--- SUPPLIED ENTRIES Enclosed Below ---

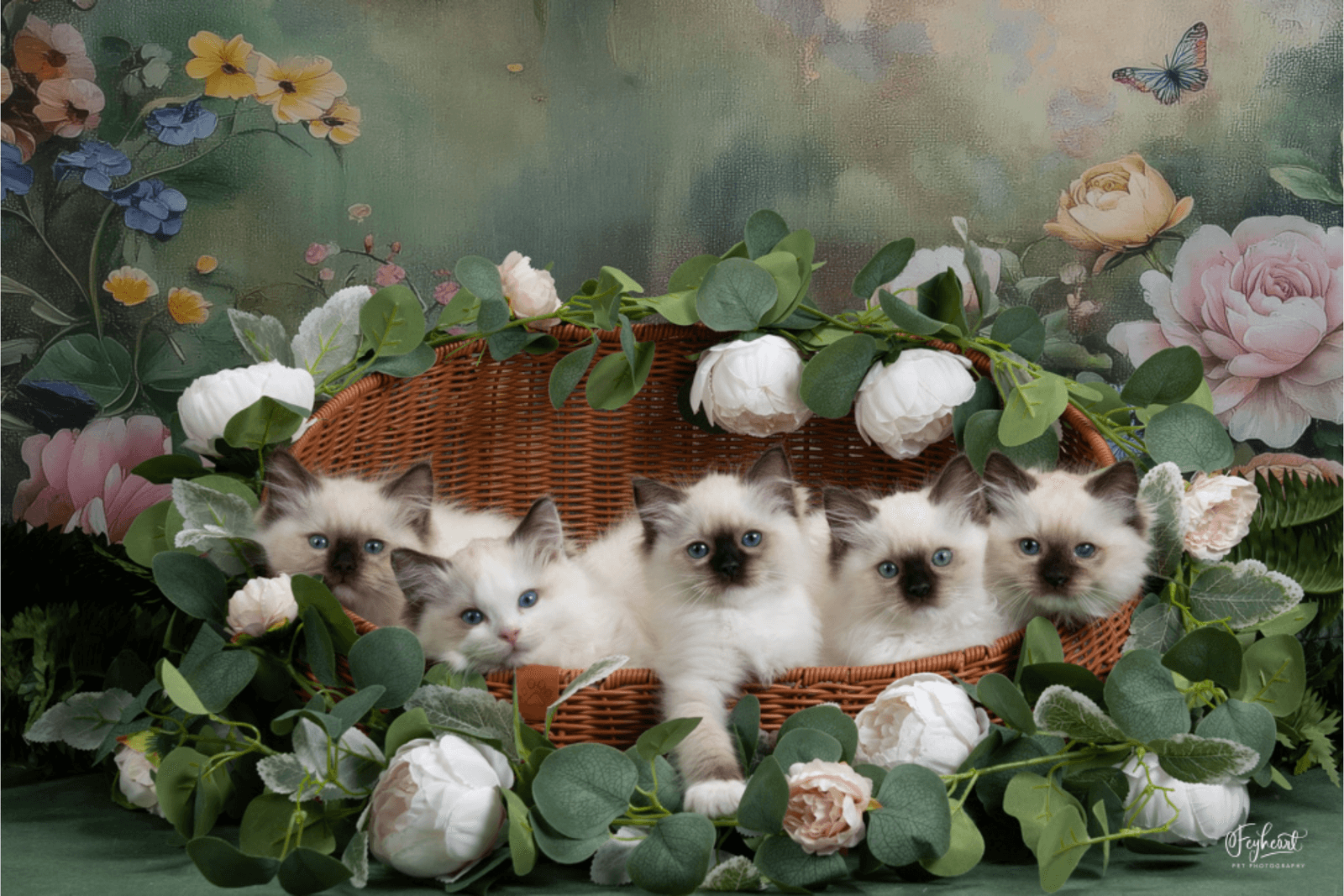 How Much Do Ragdoll Kittens Cost in California? (2026 Guide) main image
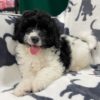 F1b Bernese Cavapoo Puppy for Sale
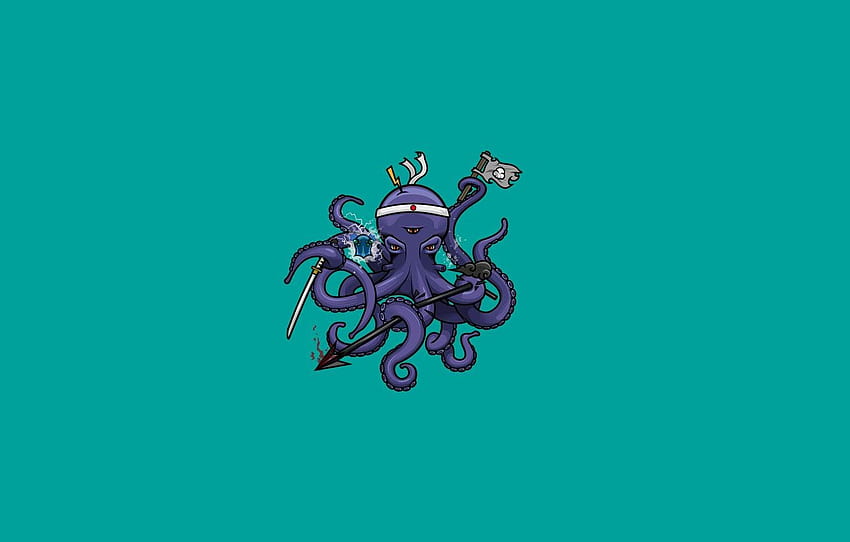 Octopus Minimalistic HD wallpaper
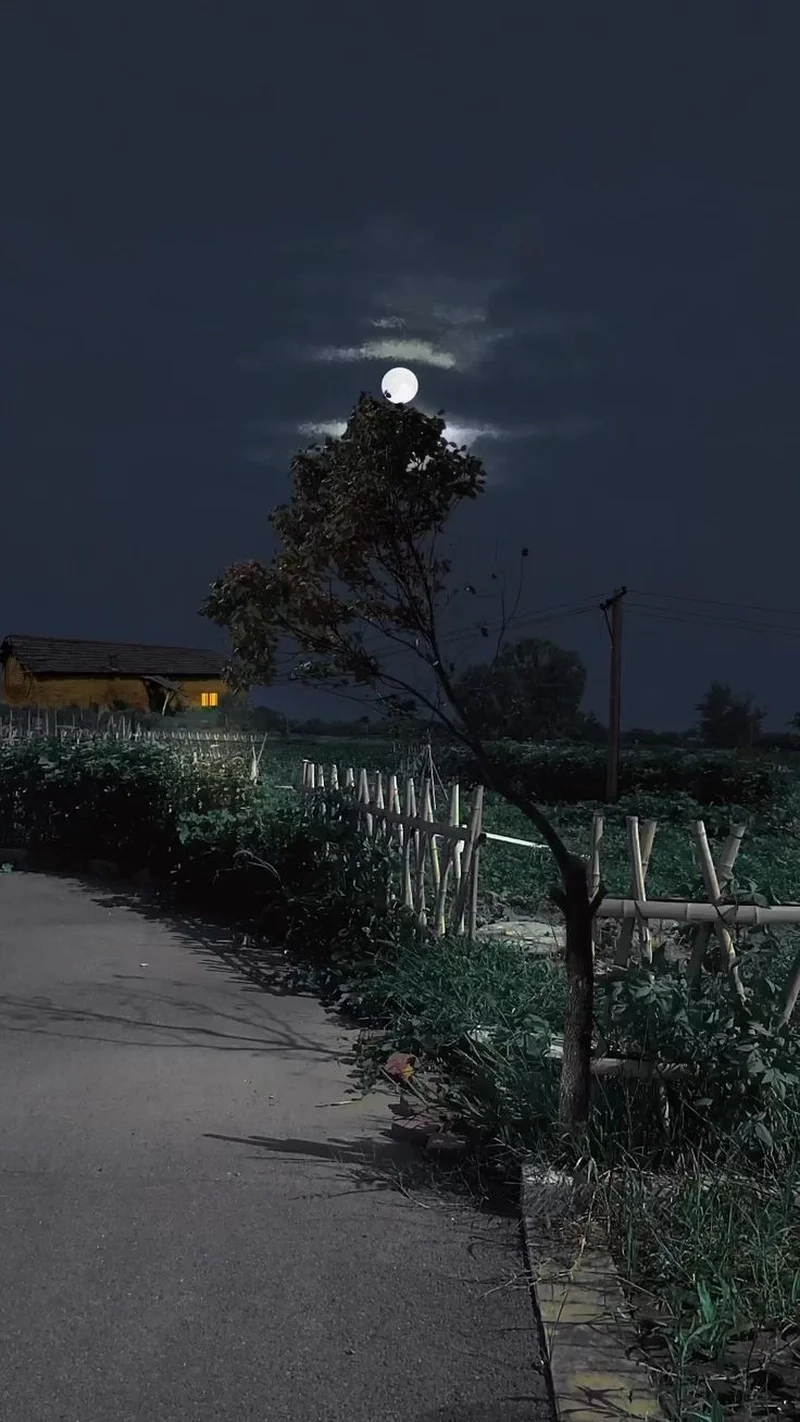 Lặng nhìn ảnh phong cảnh buồn đẹp giữa màn đêm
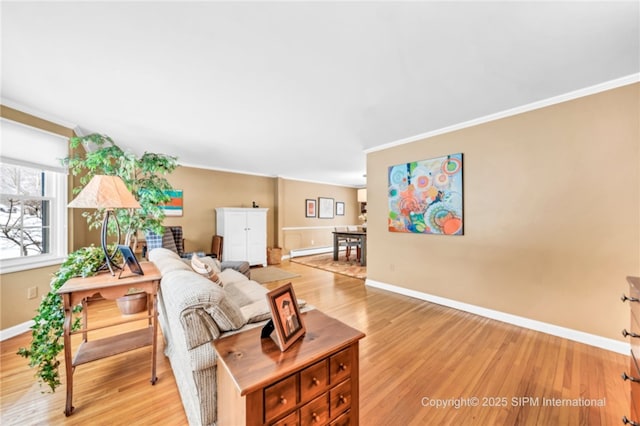 living room featuring hardwood / wood-style flooring, crown molding, and baseboard heating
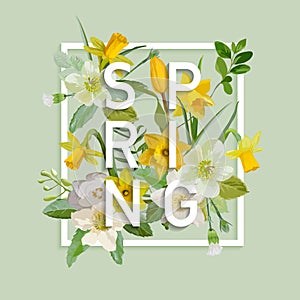 Floral Spring Graphic Design - with Narcissus Flowers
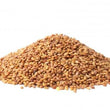 Load image into Gallery viewer, SEED LUCERNE FORCE 7.2 FIELD FORCE PLUS PER KG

--- End of Enclosed SUPPLIED ENTRIES ---

EXERCISE OBJECTIVE
Only the lines from the first line of the data above through the line with "Floral Spring Graphic" should appear in the answer, retyped exactly, with every picture left out.

SOLUTION TO THIS EXERCISE
 How Much Do Ragdoll Kittens Cost in California? (2026 Guide) main image
 F1b Bernese Cavapoo Puppy for Sale
 Octopus Minimalistic HD wallpaper
 Lặng nhìn ảnh phong cảnh buồn đẹp giữa màn đêm
 living room featuring hardwood / wood-style flooring, crown molding, and baseboard heating
 Floral Spring Graphic Design - with Narcissus Flowers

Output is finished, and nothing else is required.